One solution is to add positional encoding to the sequence at some point before we calculate attention scores. I’ll briefly mention two methods in this post: fixed vector encodings and rotational encodings. There are many variants of these out there, and these two are relatively common.
Fixed Vecors
The easiest way to add positional encoding is to add on a fixed vector at each point along the sequence. We take vectors \(\epsilon_1, \epsilon_2, \dots, \epsilon_S \in \mathbb{R}^I\) and use \(x_p + \epsilon_p\) instead of x_p$ in Equation 3, and allow these vectors to be learnable parameters during training. This was the strategy used in the original paper. The method is pretty simple, but it turns out to not lead to the best results.

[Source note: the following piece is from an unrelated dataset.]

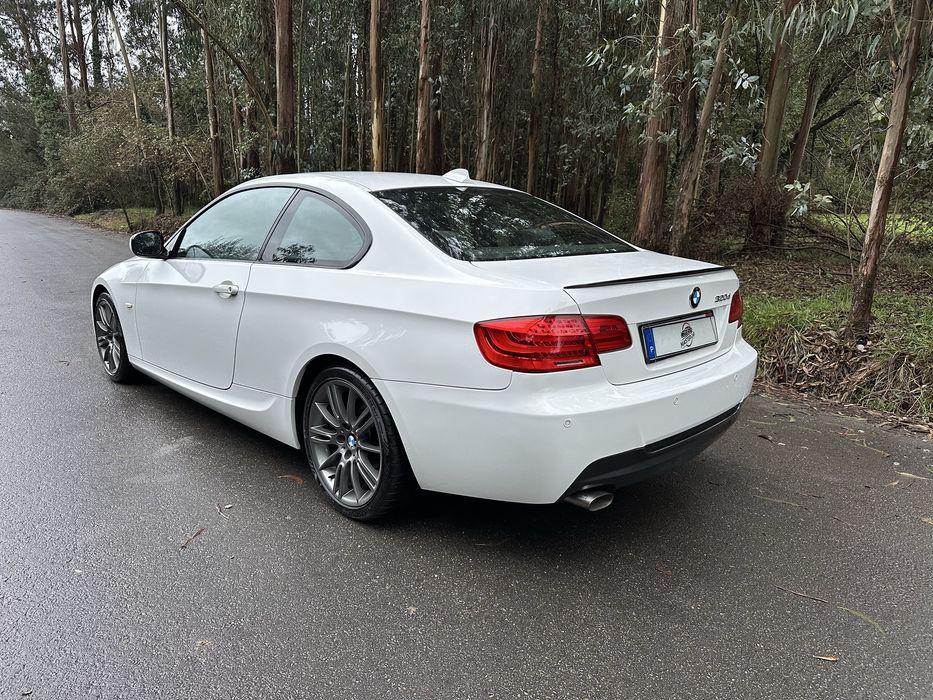 Bmw 320d coupe 184 cavalos 2012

This method also lacks translation invariance. The transformer only knows to distinguish positions based on the raw values of the \(\epsilon_i\), and if you were to shift your input sequence you might get different results due to the shifted input matching up with different \(epsilon_i\).
Rotational Encodings
A more sophisticated approach appearing the Roformer paper involves rotating the queries \(Q\) and keys \(K\) by rotations \(R_1, R_2, ..., R_S\) such that any neighboring rotations differ by the same angle \(\theta\). This breaks the symmetry we observed above, and moreover it is less sensitive to translations, because the relative rotation is preserved along the sequence. This paper has shown this to be a more effective method of positional encoding than the fixed vector approach.